- Theatrical release poster
- Directed by: Joe Camp
- Written by: Rod Browning Joe Camp
- Produced by: Joe Camp
- Starring: Chevy Chase Benji Jane Seymour Omar Sharif Robert Morley Alan Sues Donnelly Rhodes
- Cinematography: Don Reddy
- Edited by: Steve R. Moore Leon Seith
- Music by: Euel Box Frank Denson Wings (song "Arrow Through Me") Elton John (songs "Song For Guy" and "Return To Paradise")
- Production company: Mulberry Square Productions
- Distributed by: 20th Century Fox
- Release date: July 11, 1980;
- Running time: 104 minutes
- Country: United States
- Language: English
- Budget: $6 million
- Box office: $6.2 million (domestic)

= Oh!
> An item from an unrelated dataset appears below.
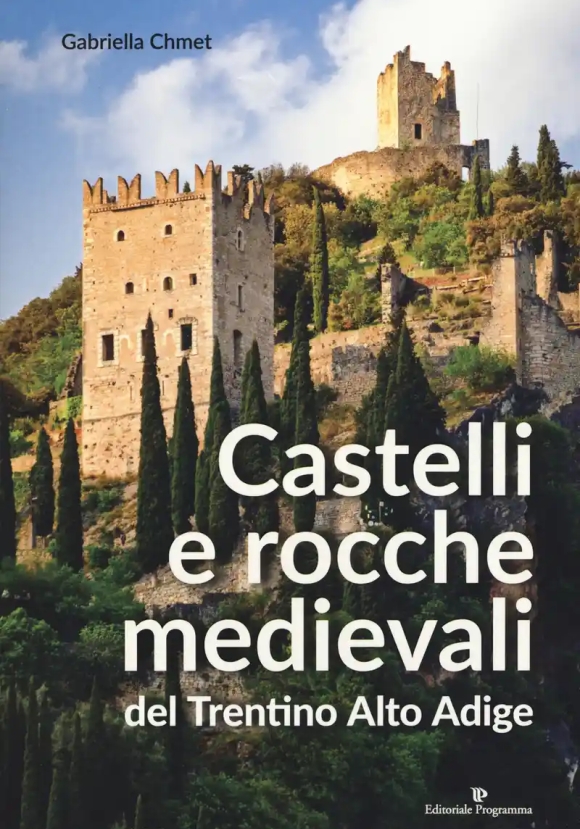 Castelli E Rocche Medievali De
Heavenly Dog =

1980 film by Joe Camp

Oh! Heavenly Dog is a 1980 American fantasy comedy film written by Rod Browning and directed by Joe Camp, their third collaboration in films featuring the dog Benji and stars Chevy Chase as a private investigator who is reincarnated as a dog to solve his own murder. Jane Seymour and Omar Sharif co-star in the film, released by 20th Century-Fox. The screenplay was based loosely on the 1951 film You Never Can Tell starring Dick Powell.

The film was a box office disappointment, grossing roughly its production costs, and earned negative reviews.

==Plot==
On a rainy day in London, private investigator Benjamin Browning accepts a ride from his friend, Freddie, who is a dangerous driver. As Freddie drops Benjamin near his office, the investigator collides on the street with writer Jackie Howard. When Benjamin asks her for a date, she tells him to contact her upon her return from Paris. Back at his office, Benjamin's secretary, Margaret, leaves for lunch, and a stranger named Quimby Charles, claiming to be a member of Parliament, proposes to hire Benjamin as a bodyguard for a friend, Mrs. Patricia Elliot. Benjamin is uncertain, but Quimby offers a great deal of money. Benjamin accepts the assignment and goes to visit Patricia at her flat, where he discovers the door unlocked. As he searches the residence, decorated with artwork, he discovers Patricia dead on the bedroom floor, bleeding from a knife wound. Suddenly, an intruder fatally stabs Benjamin, steals Patricia's gold pendant and leaves.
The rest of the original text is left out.